EXERCISE REQUIREMENTS:
Only the lines below from the one containing "LADA NIVA LEGEND 4*4" through the one containing "Vanpowers UrbanGlide Ultra" belong in the answer, repeated exactly and without pictures.

PROVIDED ENTRIES:
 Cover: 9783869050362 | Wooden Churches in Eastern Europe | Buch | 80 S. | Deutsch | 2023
---
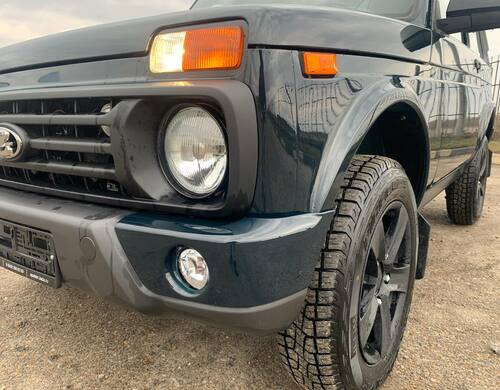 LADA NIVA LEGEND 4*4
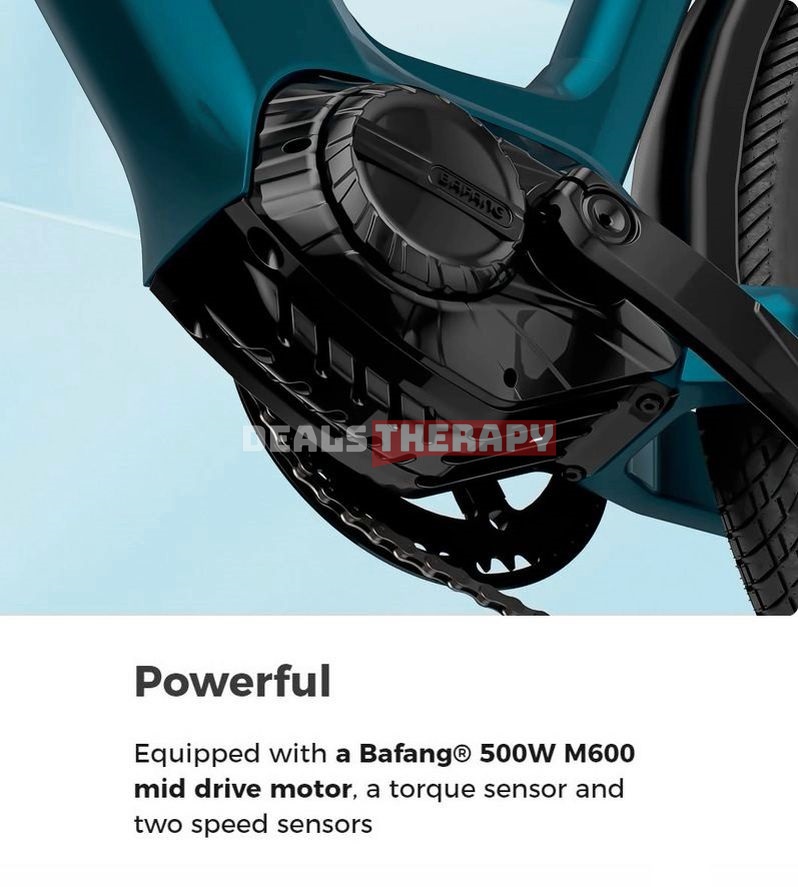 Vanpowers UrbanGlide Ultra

RESPONSE:
 LADA NIVA LEGEND 4*4
 Vanpowers UrbanGlide Ultra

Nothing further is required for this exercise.